I feel very poor right now

why i feel that way? maybe because of my condition right now, let me explain it to you, today 17 Agustus 2020 i still live with my parent and i am 24 years old this november. I feel in this age i should live by my own life and not depending with my parent. my father is a cleaning service in health care near house but also a chef that have his own little shop at home we offer fried rice and some simple food for the price is about IDR10k-20k . my mother just a house wife who help my father at our little shop.
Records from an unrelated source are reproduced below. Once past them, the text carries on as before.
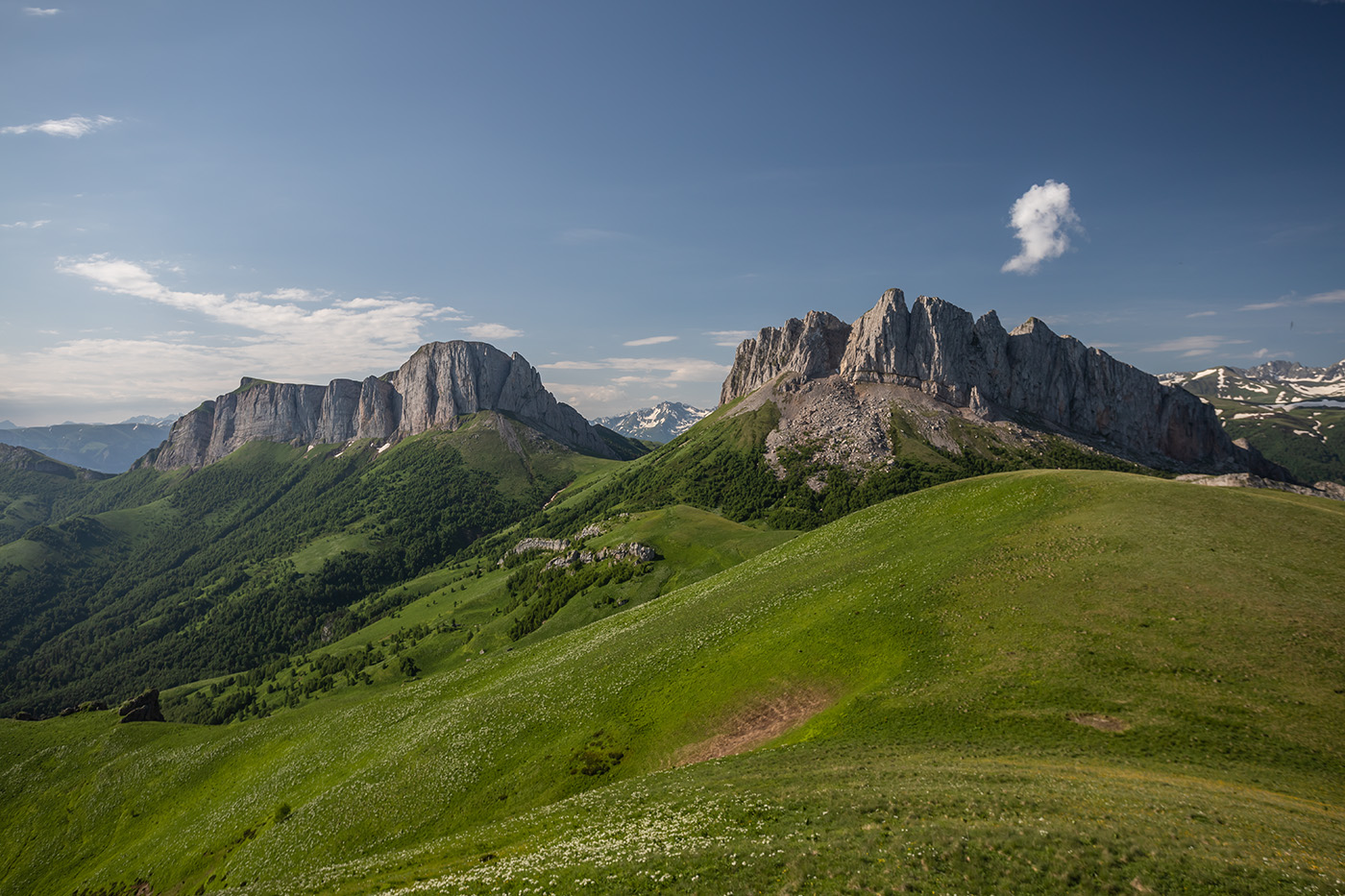 Чёртовы Ворота, image of landscape/habitat.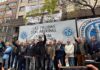 La CGT se moviliza en defensa de la industria nacional y postergan decisión sobre paro general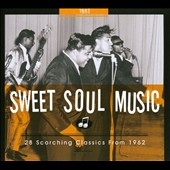 Sweet Soul Music 28 Scorching Classics from 1962 CD+֥ååȡ[BCD16868]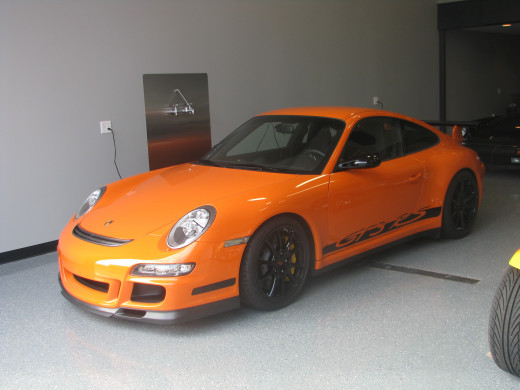 997.1 GT3 RS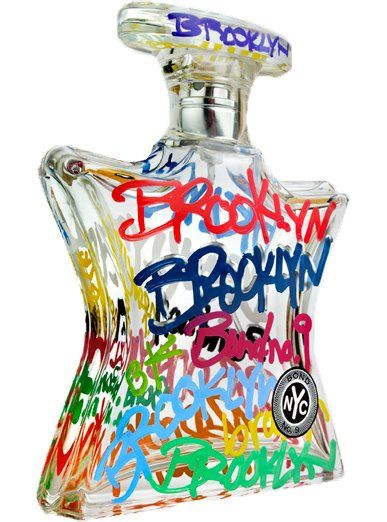 Detail Graffiti Parfum Nomer 19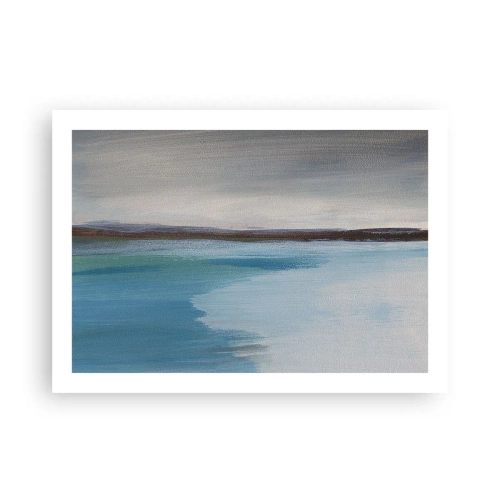 Plakat - Pejzaż horyzontalny - 70x50 cm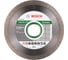 Диск алмазный отрезной Professional for Ceramic (110х22.2 мм) для УШМ Bosch 2608602535 3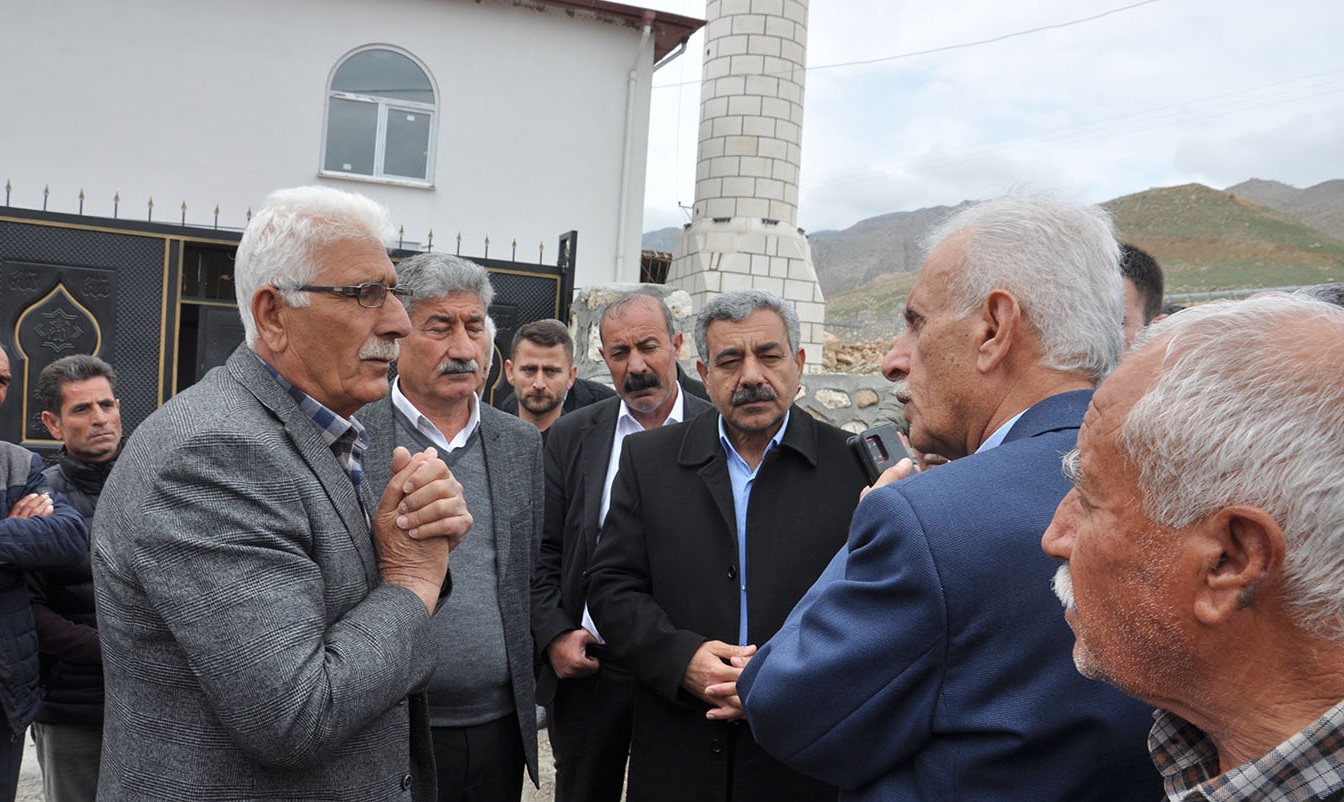 “4 Köyün mağduriyeti giderilmeli”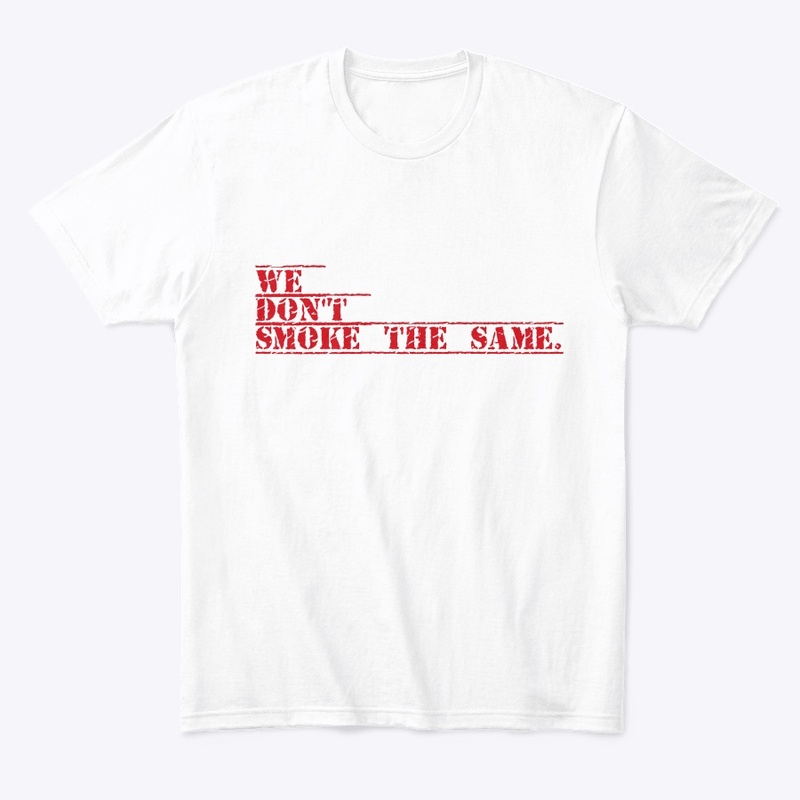 Slumped Canna T-Shirt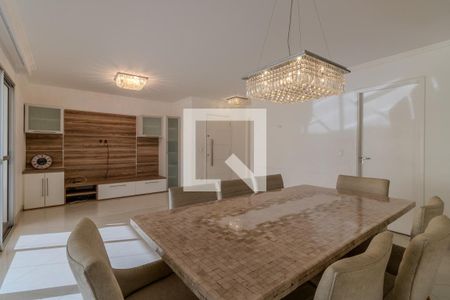Sala de apartamento para alugar com 4 quartos, 172m² em Jardim Londrina, São Paulo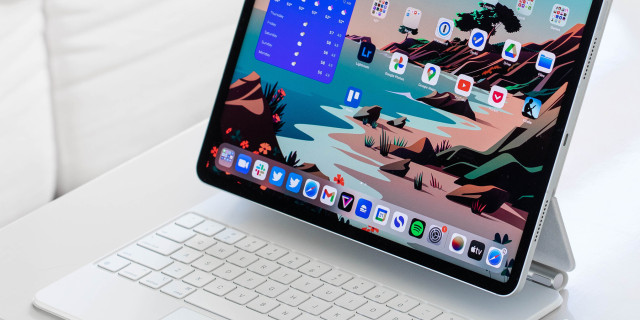 Apple unveils the new iPad Pro with a stunning display and a powerful chip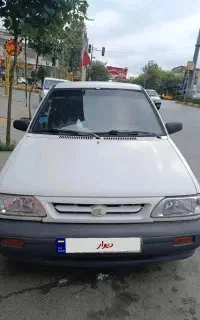 فروس فوری پراید ۸۴ شاسی پلمپ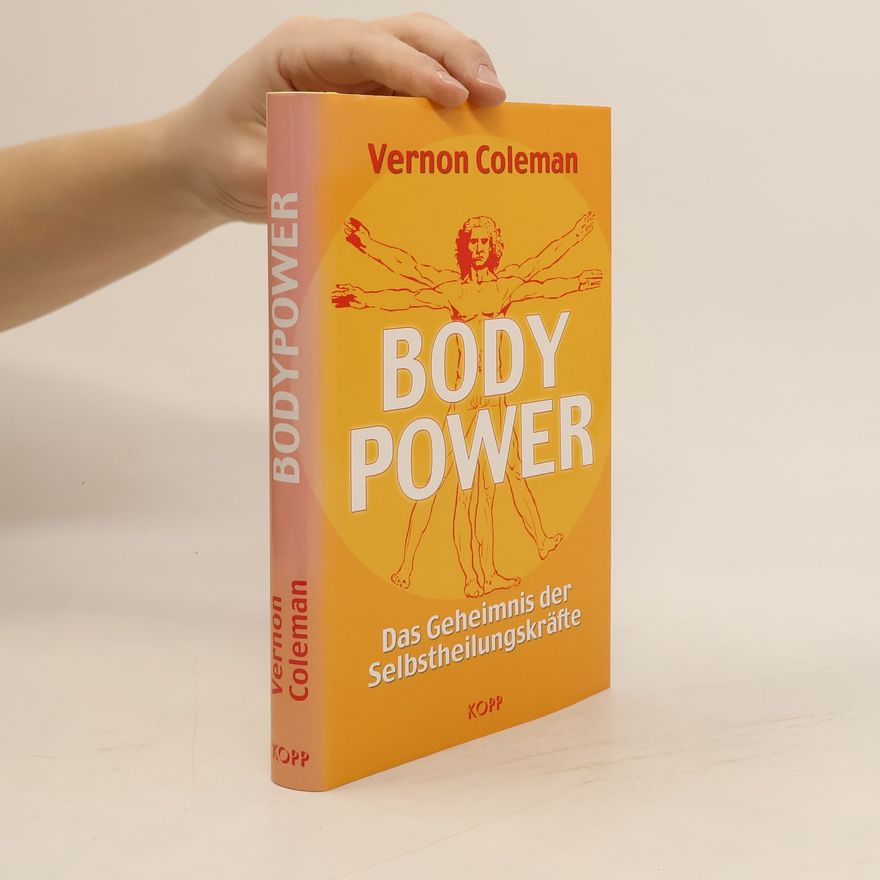 Vernon Coleman Bodypower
So base on my privilege i am should increase it from very the bottom. my house roof leaked i have grandmother who is sick and my father everyday take care of her food and shit. i only life with four member in the big broke house. 

Since COVID i don't have enough money to pay my phone debt. pay my graduation bill, my phone press, my petrol, or even pay 5000 to buy a food i also cant save my money to fix my broke brace or my dream next moth to go to Depok visit my twin. if i have a lot of money i will get proper job abroad or other place not here, buy a car, buy a Mac-book pro, fix my house with an Architect Services, make a dream kitchen for my father with Decorating Services advice , fix our little shop, fix our bathroom, make my own library, have a solar panel, go to spa with my parent make them younger, less stress and fresh than ever. have my big fish pond with a lot of koi, buy a brand new i-phone, buy a fuji camera, buy TSLA stock, buy BBCA sock, buy a land, deposit 100.000.000 in 5 bank, go travel the world, make youtube channel, have gym member card, eat healthy food. write a book about how money change my life. buya a ot of plant to make my garden greener. 

i still have to learn how to manage money. i mean they can wasted and not produce much more if you just spend it for cost not for an asset.